### Task to carry out
From the first line to the last, repeat the data exactly but leave out the pictures.

### Data extract
◇ ◇ ◇
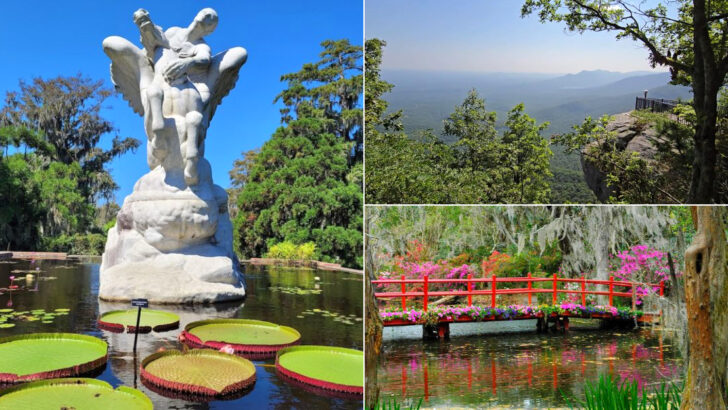 12 Bucket List Destinations That Show Off the Very Best of South Carolina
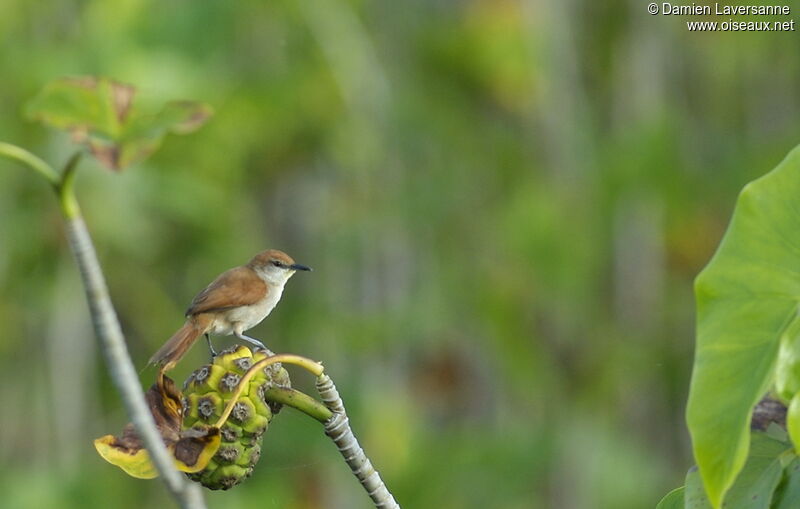 Yellow-chinned Spinetail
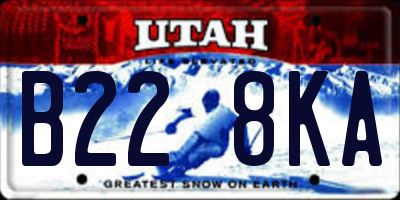 UT license plate B228KA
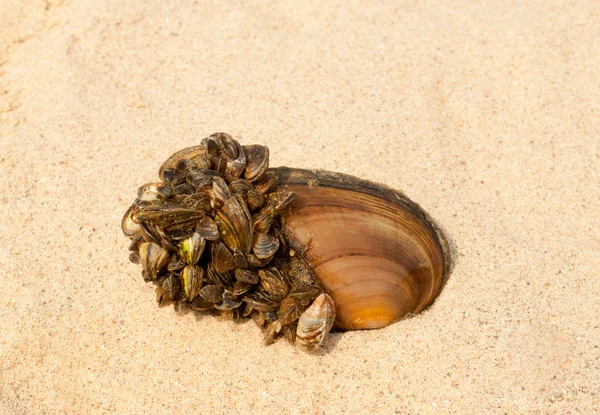 Stock image Mussel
◇ ◇ ◇
### Task response
 12 Bucket List Destinations That Show Off the Very Best of South Carolina
 Yellow-chinned Spinetail
 UT license plate B228KA
 Stock image Mussel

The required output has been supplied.